The crazy eyes on just about everything else was...well... Anyone up for a psychotic lost baby chocolate (with a...err...flower on the belly button?)? Or attack kitty?

Hypnotized Easter Bunny heads. I think I'll pick a few up for all of the small children I know.

Stepped into a divey boardwalk bar...

...and saw a biker & a beer.

Wonder if anyone actually wins a "free" ice cream from this crane game...

Street Food: Wafels & Dinges

Finally ran into the much ballyhooed Wafels & Dinges truck parked at Sheridan Square on Friday night, and a combination of no dinner and curiosity led me to the window. I've never been drawn to the whole waffle thing (I guess Eggo kind of killed my perception of waffles when I was a kid), but I'd heard so much about this particular truck, and as Belgian waffles are "the thing," I went for it.

First of all, I wondered "What are dinges?" My imagination landed upon some kind of boat-shaped doughnut-like object that you could fill with whatever... Alas, no. Actually, dinges are the toppings for the waffles. So much for my imagination.

I pondered the list of dinges and decided to try one of the truck's signature combos, a waffle with speculoos and whipped cream (even though the word "speculoos" kind of, well, made me stop for a moment...but it's a spread based on a traditional Belgian spiced cookie). I should've skipped the whipped cream (it was too sweet for me), but the speculoos had a lot of flavor, and the waffle was, well, pretty fantastic. Crispy on the outside, fluffy and chewy on the inside, flavorful, and not overly sweet.

Perhaps the waffle world is worth exploring, especially if one starts in Belgium. I suppose I'll Leggo my nasty Eggo memories and give 'em a chance! (Ow...sorry!)
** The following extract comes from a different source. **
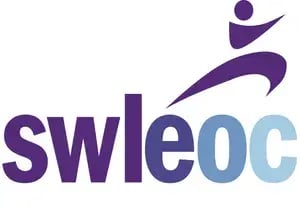 swleoc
Bittman Does It Again: Olive Oil Matzo

My response to the invitation to last night's Smith/Blaustein family Seder was: I'll make Bittman's Olive Oil Matzo! The Times had published his article last week, and I thought it looked so easy and delicious, I wanted to try it.

Sure enough, it was super simple. I threw all of the ingredients in my food processor, and--whammo--a few seconds later, a ball of dough! I carried said dough to Jimmy & Dan's (they have a great marble counter that makes rolling things out easy), cut it into 12 pieces, and made little amoeba-shaped matzo. They took longer than the suggested time to bake, but still came out wonderfully.

People seemed to be pleased, so I suppose Bittman's done it again!